Spory mogą dotyczyć uznania, czy dany zakup zrealizowany przez pracownika za własne pieniądze był na pewno związany z zadaniem służbowym. Tylko w takiej sytuacji zwrot kosztów przez pracodawcę byłby nieopodatkowany

Jak ocenia pani wyrok NSA, zgodnie z którym pracownicy szpitala, otrzymując od pracodawcy zwrot kosztów przejazdu taksówkami w celach służbowych, uzyskują w ten sposób przychód?
ikona lupy />
Małgorzata Samborska, doradca podatkowy i partner w Grant Thornton / Materiały prasowe

Fundamentalnie się z nim nie zgadzam. Aby w ogóle rozpatrywać, czy dane świadczenie podlega opodatkowaniu, musi powstać przychód lub dochód, a więc rodzaj przysporzenia majątkowego, które powiększy aktywa podatnika albo pokryje koszt, który w przeciwnym razie byłby on zobowiązany ponieść z własnych środków. Jakikolwiek zwrot wydatków takiej definicji nie spełnia, bo jest to wyłącznie czynność techniczna i nie prowadzi do jakiegokolwiek wzbogacenia pracownika. Trudno jest w związku z tym zrozumieć argumentację NSA.

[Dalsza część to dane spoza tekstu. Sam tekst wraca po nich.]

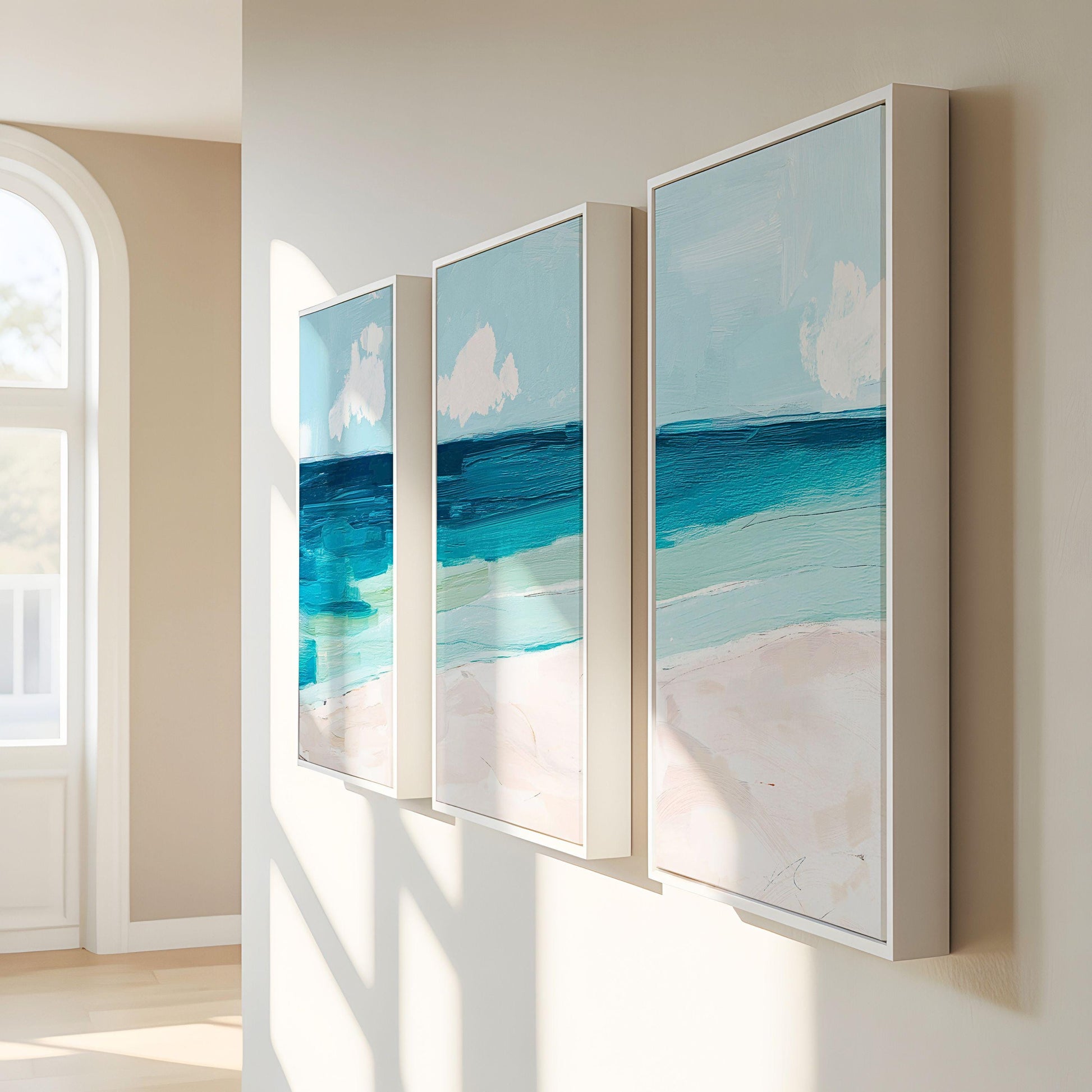 Coastal Triptych Wall Art, Abstract Ocean Seascapes Set of 3, Teal Blue Beach prints, Modern Beach House Decor, Between Tides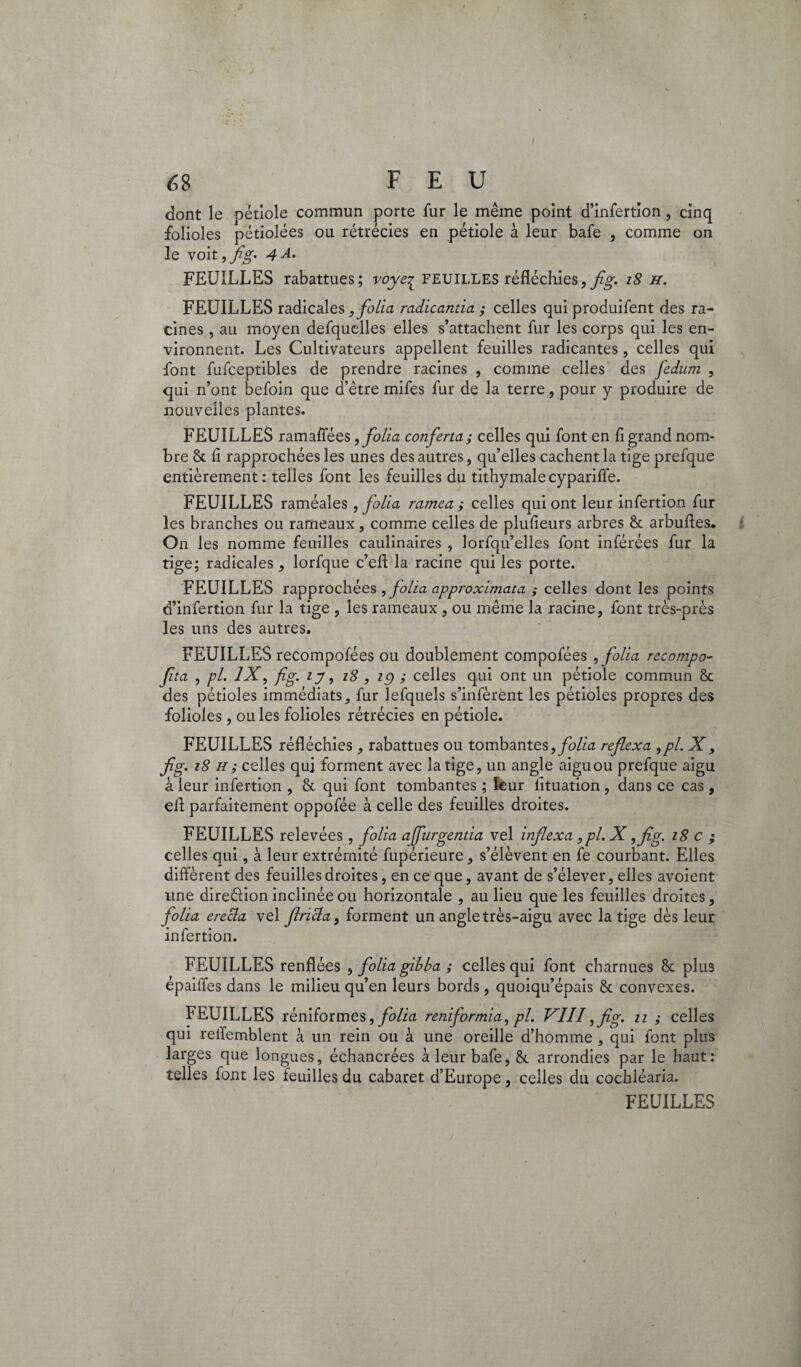 dont le pétiole commun porte fur le même point d’infertion, cinq folioles pétiolées ou rétrécies en pétiole à leur bafe , comme on le voit,fig. 4A. FEUILLES rabattues; voye^ feuilles réfléchies, fig. z8 h. FEUILLES radicales, folia radicantia ; celles qui produifent des ra¬ cines , au moyen defquelles elles s’attachent fur les corps qui les en¬ vironnent. Les Cultivateurs appellent feuilles radicantes, celles qui font fufceptibles de prendre racines , comme celles des fedum , qui n’ont befoin que d’être mifes fur de la terre, pour y produire de nouvelles plantes. FEUILLES ramaflees , folia conferta; celles qui font en fi grand nom¬ bre & fi rapprochées les unes des autres, qu’elles cachent la tige prefque entièrement : telles font les feuilles du tithymalecypariffe. FEUILLES raméales , folia ramea ; celles qui ont leur infertion fur les branches ou rameaux , comme celles de plufieurs arbres 8c arbufies. On les nomme feuilles caulinaires , lorfqu’elles font inférées fur la tige; radicales, lorfque c’ell la racine qui les porte. FEUILLES rapprochées , folia approximata ; celles dont les points d’infertion fur la tige , les rameaux , ou même la racine, font très-près les uns des autres. FEUILLES recompofées ou doublement compofées , folia rccompo- fita , pi. IX, fig. ly, 18 , zp ; celles qui ont un pétiole commun 8c des pétioles immédiats, fur lefquels s’infèrent les pétioles propres des folioles, ouïes folioles rétrécies en pétiole. FEUILLES réfléchies , rabattues ou tombantes, folia reflexa ,pl. X, fig. z 8 h ; celles qui forment avec la tige, un angle aigu ou prefque aigu à leur infertion , 8c qui font tombantes ; leur iituation , dans ce cas, efl: parfaitement oppofée à celle des feuilles droites. FEUILLES relevées, folia affurgentia vel inflexa ,pl.X ,fig. 18 c ; celles qui, à leur extrémité fupérieure, s’élèvent en fe courbant. Elles diffèrent des feuilles droites, en ce que, avant de s’élever, elles avoient une direétion inclinée ou horizontale , au lieu que les feuilles droites, folia erecla vel flricla, forment un angle très-aigu avec la tige dès leur infertion. FEUILLES renflées , folia gibba ; celles qui font charnues 8c plus épaiffes dans le milieu qu’en leurs bords, quoiqu’épais 8c convexes. FEUILLES réniformes, folia reniformia, pl. VIII, fig. zz ; celles qui reffemblent à un rein ou à une oreille d’homme , qui font plus larges que longues, échancrées à leur bafe, 8c arrondies par le haut: telles font les feuilles du cabaret d’Europe, celles du cochléaria. FEUILLES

Z sądem kasacyjnym nie zgodził się również wiceminister finansów Jarosław Neneman, odpowiadając 23 grudnia 2024 r. na poselską interpelację. Czy jego stanowisko oznacza koniec sporów z fiskusem?

Obawiam się, że nie. Moim zdaniem źle, że resort finansów nie planuje wydania interpretacji ogólnej, w której szerzej odniósłby się do opisanego problemu. Zdecydowanie nie wystarczy samo tylko stwierdzenie, że „przychodu nie stanowią pieniądze, wartości pieniężne oraz wartość świadczeń w naturze i innych nieodpłatnych świadczeń, których otrzymanie nie prowadzi do pojawienia się po stronie pracownika przysporzenia, czy to w postaci nabycia wymiernej korzyści majątkowej, czy to w postaci mierzalnego zaoszczędzenia wydatku”.

O co w takim razie mieliby się nadal spierać podatnicy ze skarbówką?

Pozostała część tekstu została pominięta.